Au coeur de la machine médiatique et financière


CONTRASTES DE TONALITÉ



De la mégalomanie d'un Lee Gates (Georges Clooney) qui pastiche à merveille les présentateurs télé-vedettes tous aussi incroyablement désuets du moindre charisme journalistique à la stature sérieuse et implacable de la productrice de l'émission, Patty Fenn (Julia Roberts), le film repose sur cet implacable combo de burlesque et d'antithétique. Le cinéma a toujours fonctionné par dichotomie : un duo improbable et loufoque qui entremêle les caractères les plus extrêmes et toutefois complémentaires. On aurait donc pu croire que l'alliance entre les deux figures relevaient alors d'un pur assemblage technique bien rôdé.
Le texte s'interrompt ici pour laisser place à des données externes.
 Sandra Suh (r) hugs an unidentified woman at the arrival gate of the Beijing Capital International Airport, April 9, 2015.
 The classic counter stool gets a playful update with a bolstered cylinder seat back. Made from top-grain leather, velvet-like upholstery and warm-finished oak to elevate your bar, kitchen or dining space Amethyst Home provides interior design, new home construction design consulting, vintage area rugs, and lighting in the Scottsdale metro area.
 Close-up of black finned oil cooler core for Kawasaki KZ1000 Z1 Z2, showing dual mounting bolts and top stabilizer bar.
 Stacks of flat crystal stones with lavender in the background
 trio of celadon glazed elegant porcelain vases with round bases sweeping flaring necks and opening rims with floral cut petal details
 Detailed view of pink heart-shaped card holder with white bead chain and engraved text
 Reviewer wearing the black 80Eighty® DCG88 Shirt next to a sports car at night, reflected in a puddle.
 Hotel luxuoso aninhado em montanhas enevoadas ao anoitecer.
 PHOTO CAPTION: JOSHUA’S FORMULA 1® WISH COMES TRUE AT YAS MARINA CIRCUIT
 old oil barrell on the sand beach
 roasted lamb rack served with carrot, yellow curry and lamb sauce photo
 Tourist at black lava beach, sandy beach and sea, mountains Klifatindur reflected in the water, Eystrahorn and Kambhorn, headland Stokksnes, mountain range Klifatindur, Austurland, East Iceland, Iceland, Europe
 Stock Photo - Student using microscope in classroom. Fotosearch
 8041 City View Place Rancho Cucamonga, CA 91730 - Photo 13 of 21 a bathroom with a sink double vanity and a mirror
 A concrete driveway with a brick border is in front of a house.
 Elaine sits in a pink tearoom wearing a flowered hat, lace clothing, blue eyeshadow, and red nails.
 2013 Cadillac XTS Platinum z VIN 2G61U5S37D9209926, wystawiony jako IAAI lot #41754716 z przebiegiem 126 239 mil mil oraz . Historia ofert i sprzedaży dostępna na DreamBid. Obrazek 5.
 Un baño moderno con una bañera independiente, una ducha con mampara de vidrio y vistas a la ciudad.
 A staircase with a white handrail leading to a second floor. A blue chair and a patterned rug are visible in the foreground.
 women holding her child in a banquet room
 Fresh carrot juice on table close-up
Cependant, le contraste est ici joué dans la nuance, ne se frotte ni à l'obséquieux ni à l'outrance.


Après l'irruption de Kyle Budwell (Jack O'Connell), l'ambiance grotesque et outrageuse qui règne sur le plateau se substitue progressivement à la tournure dramatique que prennent les événements. On assiste impuissants à cette prise d'otage, aux responsabilités qui incombent chacun de réagir avec la plus grande délicatesse pour éviter que la situation ne s'envenime davantage. La psychologie de chacun des personnages ajoute à la peur et l'instinct de survie cette point d'adrénaline qui pose les bases du suspense. La frivolité et les excès d'alors laissent la place au désespoir d'un homme qui a tout perdu, qui se montre en représentant excédé des victimes d'une société corrompue par l'argent-roi.



LE QUATRIÈME POUVOIR



Film d'action qui s'inscrit dans une longue tradition du cinéma reposant sur les codes de la prise d'otage, réemployant le vocabulaire du gilet piégé, des explosifs et du canon sur la tempe, il est néanmoins un pamphlet qui se veut évocateur d'une nécessaire prise de conscience des dangers du capitalisme poussé au jusqu'auboutisme de l'ère postmoderne.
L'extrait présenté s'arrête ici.